Third, the only timely alleged retaliatory incident, the suspension of Fisher’s pay and benefits, satisfies the adverse action requirement, as the loss of one’s income and benefits plainly may “dissuade[ ] a reasonable worker from making or supporting a charge of discrimination.” See Carr, 76 F.4th at 179.

Fourth, the Amended Complaint plausibly alleges a causal relationship between the alleged protected activities and Defendants’ decision to suspend Fisher’s pay and benefits. In particular, the Amended Complaint plausibly alleges facts showing retaliatory intent—for example, the Local 1633 president’s decision to discourage Fisher from lodging further complaints because she was on “a slippery slope with the District.” (Am. Compl. ¶ 52.) Moreover, the temporal proximity between the April 26, 2021 call with the Local 1633 president and the September 1, 2021 suspension of Fisher’s pay and benefits plausibly alleges a causal connection at the pleading stage. Am. Compl. ¶¶ 48, 52; See Gorzynski v. JetBlue Airways Corp., 596 F.3d 93, 110 (2d Cir. 2010) (“Though this Court has not drawn a bright line defining, for the purposes of a prima facie case, the outer limits beyond which a temporal relationship is too attenuated to establish causation, we have previously held that five months is not too long to find the causal relationship.”).

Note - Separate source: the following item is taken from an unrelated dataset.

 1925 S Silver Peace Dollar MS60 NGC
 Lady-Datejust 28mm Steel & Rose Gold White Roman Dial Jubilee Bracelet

Defendants’ arguments for dismissal of Fisher’s retaliation claim center on the Amended Complaint’s allegation that Defendants suspended Fisher’s pay and benefits in “retaliation for her FMLA leave taken in February 2021,” and I address that separate claim below, Discussion Section VIII.b. (Mem. at 16.) But the Amended Complaint also alleges that Defendants suspended Fisher’s pay and benefits “as a means of retaliating against her for complaining about their years-long campaign of discrimination and unlawful, hostile treatment.” (Am. Compl. ¶ 50.) Defendants cite no authority suggesting that Fisher cannot bring retaliation claims under both Title VII and the FMLA, or that, at the pleading stage, Fisher’s Title VII retaliation claim cannot go forward even if the FLMA retaliation claim does not withstand a Rule 12(b)(6) motion.

Accordingly, dismissal was not warranted.